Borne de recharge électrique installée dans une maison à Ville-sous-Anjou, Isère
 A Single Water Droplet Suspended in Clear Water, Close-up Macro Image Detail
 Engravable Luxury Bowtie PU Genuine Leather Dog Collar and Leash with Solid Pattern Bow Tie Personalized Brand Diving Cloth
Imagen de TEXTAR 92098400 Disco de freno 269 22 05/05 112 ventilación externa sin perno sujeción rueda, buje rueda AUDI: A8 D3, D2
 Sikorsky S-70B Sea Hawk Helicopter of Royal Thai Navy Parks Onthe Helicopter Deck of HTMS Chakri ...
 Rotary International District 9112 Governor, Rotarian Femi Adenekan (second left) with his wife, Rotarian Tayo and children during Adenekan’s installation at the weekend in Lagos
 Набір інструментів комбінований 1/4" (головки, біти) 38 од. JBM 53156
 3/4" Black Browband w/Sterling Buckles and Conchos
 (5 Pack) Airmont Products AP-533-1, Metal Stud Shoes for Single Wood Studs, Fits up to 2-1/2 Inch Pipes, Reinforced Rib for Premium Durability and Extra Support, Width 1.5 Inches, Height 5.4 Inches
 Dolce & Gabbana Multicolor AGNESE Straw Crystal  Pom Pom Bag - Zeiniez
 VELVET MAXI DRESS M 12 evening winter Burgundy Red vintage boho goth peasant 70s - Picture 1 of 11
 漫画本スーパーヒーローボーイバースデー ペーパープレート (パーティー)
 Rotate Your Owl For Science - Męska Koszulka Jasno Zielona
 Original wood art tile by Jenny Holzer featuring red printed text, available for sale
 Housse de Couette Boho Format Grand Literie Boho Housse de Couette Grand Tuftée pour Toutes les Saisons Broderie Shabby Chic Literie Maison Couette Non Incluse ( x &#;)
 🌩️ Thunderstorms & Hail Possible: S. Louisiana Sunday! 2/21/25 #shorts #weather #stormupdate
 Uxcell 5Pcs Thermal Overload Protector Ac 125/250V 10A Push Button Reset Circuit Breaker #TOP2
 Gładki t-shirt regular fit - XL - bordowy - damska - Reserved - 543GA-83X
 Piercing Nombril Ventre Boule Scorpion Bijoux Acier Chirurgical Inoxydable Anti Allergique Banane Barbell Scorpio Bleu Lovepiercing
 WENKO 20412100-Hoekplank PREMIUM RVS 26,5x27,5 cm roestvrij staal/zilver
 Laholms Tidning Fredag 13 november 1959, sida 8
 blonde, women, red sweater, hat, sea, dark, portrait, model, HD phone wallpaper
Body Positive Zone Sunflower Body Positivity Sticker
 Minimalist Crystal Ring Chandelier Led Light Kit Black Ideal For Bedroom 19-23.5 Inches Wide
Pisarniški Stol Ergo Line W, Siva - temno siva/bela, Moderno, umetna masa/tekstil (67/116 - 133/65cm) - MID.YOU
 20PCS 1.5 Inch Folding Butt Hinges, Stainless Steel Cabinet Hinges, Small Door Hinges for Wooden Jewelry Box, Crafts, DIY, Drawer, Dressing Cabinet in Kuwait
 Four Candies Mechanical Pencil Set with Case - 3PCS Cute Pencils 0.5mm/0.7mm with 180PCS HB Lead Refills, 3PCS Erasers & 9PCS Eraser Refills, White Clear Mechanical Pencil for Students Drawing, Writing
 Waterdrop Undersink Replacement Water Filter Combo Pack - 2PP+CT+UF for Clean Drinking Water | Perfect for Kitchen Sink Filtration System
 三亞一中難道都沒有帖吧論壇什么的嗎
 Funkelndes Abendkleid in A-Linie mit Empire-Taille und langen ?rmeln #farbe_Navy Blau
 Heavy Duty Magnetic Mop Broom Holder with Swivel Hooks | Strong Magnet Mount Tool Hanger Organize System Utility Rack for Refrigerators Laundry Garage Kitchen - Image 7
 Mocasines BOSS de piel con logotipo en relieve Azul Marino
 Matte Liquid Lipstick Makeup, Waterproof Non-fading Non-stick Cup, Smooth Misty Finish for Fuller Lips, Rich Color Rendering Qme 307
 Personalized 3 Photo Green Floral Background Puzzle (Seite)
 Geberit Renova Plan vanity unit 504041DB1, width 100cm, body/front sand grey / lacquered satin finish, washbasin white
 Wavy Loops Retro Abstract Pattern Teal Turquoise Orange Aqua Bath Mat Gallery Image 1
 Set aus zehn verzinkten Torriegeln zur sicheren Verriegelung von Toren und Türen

┄┄┄┄┄┄┄┄┄┄

How to complete this task: All of the material should be set down exactly as it reads.

Response below:
Borne de recharge électrique installée dans une maison à Ville-sous-Anjou, Isère
 A Single Water Droplet Suspended in Clear Water, Close-up Macro Image Detail
 Engravable Luxury Bowtie PU Genuine Leather Dog Collar and Leash with Solid Pattern Bow Tie Personalized Brand Diving Cloth
Imagen de TEXTAR 92098400 Disco de freno 269 22 05/05 112 ventilación externa sin perno sujeción rueda, buje rueda AUDI: A8 D3, D2
 Sikorsky S-70B Sea Hawk Helicopter of Royal Thai Navy Parks Onthe Helicopter Deck of HTMS Chakri ...
 Rotary International District 9112 Governor, Rotarian Femi Adenekan (second left) with his wife, Rotarian Tayo and children during Adenekan’s installation at the weekend in Lagos
 Набір інструментів комбінований 1/4" (головки, біти) 38 од. JBM 53156
 3/4" Black Browband w/Sterling Buckles and Conchos
 (5 Pack) Airmont Products AP-533-1, Metal Stud Shoes for Single Wood Studs, Fits up to 2-1/2 Inch Pipes, Reinforced Rib for Premium Durability and Extra Support, Width 1.5 Inches, Height 5.4 Inches
 Dolce & Gabbana Multicolor AGNESE Straw Crystal  Pom Pom Bag - Zeiniez
 VELVET MAXI DRESS M 12 evening winter Burgundy Red vintage boho goth peasant 70s - Picture 1 of 11
 漫画本スーパーヒーローボーイバースデー ペーパープレート (パーティー)
 Rotate Your Owl For Science - Męska Koszulka Jasno Zielona
 Original wood art tile by Jenny Holzer featuring red printed text, available for sale
 Housse de Couette Boho Format Grand Literie Boho Housse de Couette Grand Tuftée pour Toutes les Saisons Broderie Shabby Chic Literie Maison Couette Non Incluse ( x &#;)
 🌩️ Thunderstorms & Hail Possible: S. Louisiana Sunday! 2/21/25 #shorts #weather #stormupdate
 Uxcell 5Pcs Thermal Overload Protector Ac 125/250V 10A Push Button Reset Circuit Breaker #TOP2
 Gładki t-shirt regular fit - XL - bordowy - damska - Reserved - 543GA-83X
 Piercing Nombril Ventre Boule Scorpion Bijoux Acier Chirurgical Inoxydable Anti Allergique Banane Barbell Scorpio Bleu Lovepiercing
 WENKO 20412100-Hoekplank PREMIUM RVS 26,5x27,5 cm roestvrij staal/zilver
 Laholms Tidning Fredag 13 november 1959, sida 8
 blonde, women, red sweater, hat, sea, dark, portrait, model, HD phone wallpaper
Body Positive Zone Sunflower Body Positivity Sticker
 Minimalist Crystal Ring Chandelier Led Light Kit Black Ideal For Bedroom 19-23.5 Inches Wide
Pisarniški Stol Ergo Line W, Siva - temno siva/bela, Moderno, umetna masa/tekstil (67/116 - 133/65cm) - MID.YOU
 20PCS 1.5 Inch Folding Butt Hinges, Stainless Steel Cabinet Hinges, Small Door Hinges for Wooden Jewelry Box, Crafts, DIY, Drawer, Dressing Cabinet in Kuwait
 Four Candies Mechanical Pencil Set with Case - 3PCS Cute Pencils 0.5mm/0.7mm with 180PCS HB Lead Refills, 3PCS Erasers & 9PCS Eraser Refills, White Clear Mechanical Pencil for Students Drawing, Writing
 Waterdrop Undersink Replacement Water Filter Combo Pack - 2PP+CT+UF for Clean Drinking Water | Perfect for Kitchen Sink Filtration System
 三亞一中難道都沒有帖吧論壇什么的嗎
 Funkelndes Abendkleid in A-Linie mit Empire-Taille und langen ?rmeln #farbe_Navy Blau
 Heavy Duty Magnetic Mop Broom Holder with Swivel Hooks | Strong Magnet Mount Tool Hanger Organize System Utility Rack for Refrigerators Laundry Garage Kitchen - Image 7
 Mocasines BOSS de piel con logotipo en relieve Azul Marino
 Matte Liquid Lipstick Makeup, Waterproof Non-fading Non-stick Cup, Smooth Misty Finish for Fuller Lips, Rich Color Rendering Qme 307
 Personalized 3 Photo Green Floral Background Puzzle (Seite)
 Geberit Renova Plan vanity unit 504041DB1, width 100cm, body/front sand grey / lacquered satin finish, washbasin white
 Wavy Loops Retro Abstract Pattern Teal Turquoise Orange Aqua Bath Mat Gallery Image 1
 Set aus zehn verzinkten Torriegeln zur sicheren Verriegelung von Toren und Türen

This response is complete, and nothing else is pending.